··· Raw data ···

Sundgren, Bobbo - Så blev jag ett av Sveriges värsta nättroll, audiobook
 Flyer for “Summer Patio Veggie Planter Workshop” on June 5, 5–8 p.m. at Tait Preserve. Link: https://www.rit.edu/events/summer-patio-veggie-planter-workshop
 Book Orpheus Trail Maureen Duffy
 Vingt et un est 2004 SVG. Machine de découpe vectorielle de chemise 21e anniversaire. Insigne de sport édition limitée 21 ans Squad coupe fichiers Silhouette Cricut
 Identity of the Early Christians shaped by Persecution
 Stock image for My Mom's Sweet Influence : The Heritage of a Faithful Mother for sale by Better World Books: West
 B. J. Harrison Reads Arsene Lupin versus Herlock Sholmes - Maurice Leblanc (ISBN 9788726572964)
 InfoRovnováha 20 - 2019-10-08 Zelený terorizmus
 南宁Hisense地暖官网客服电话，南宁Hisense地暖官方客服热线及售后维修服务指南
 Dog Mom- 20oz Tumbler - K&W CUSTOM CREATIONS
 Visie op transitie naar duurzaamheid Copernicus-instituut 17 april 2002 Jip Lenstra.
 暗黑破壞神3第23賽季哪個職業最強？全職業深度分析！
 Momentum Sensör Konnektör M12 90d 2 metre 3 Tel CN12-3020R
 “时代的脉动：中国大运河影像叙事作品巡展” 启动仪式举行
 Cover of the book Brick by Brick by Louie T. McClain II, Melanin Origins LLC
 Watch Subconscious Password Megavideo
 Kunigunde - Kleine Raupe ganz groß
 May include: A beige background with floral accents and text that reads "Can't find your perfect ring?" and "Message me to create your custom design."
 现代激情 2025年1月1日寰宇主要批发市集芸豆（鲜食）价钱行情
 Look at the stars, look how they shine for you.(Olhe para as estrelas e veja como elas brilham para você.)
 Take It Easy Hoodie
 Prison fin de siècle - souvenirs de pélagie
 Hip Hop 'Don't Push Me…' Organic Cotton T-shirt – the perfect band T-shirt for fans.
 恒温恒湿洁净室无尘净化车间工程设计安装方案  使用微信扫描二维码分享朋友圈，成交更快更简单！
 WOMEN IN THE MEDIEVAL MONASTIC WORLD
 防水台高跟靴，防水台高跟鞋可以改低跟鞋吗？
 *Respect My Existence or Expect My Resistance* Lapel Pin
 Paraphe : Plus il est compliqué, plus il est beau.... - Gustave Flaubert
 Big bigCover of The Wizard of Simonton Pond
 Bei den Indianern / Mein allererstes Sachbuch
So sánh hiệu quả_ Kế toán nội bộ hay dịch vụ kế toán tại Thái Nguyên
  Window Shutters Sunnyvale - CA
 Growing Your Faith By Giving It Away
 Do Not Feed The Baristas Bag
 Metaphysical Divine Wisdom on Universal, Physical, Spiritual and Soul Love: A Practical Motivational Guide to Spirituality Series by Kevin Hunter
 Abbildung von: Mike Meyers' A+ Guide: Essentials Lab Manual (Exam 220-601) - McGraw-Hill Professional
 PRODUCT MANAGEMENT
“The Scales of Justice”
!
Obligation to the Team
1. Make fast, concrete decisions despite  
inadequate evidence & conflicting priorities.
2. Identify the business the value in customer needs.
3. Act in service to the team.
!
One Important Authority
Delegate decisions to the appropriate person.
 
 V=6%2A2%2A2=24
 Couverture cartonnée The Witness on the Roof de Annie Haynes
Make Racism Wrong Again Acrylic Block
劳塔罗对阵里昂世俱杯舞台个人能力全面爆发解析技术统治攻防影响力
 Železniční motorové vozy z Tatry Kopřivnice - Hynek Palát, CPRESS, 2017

···

### Requirement:
Show the lines from the data above that contain the string "decisions".

### Task answer:
1. Make fast, concrete decisions despite  
Delegate decisions to the appropriate person.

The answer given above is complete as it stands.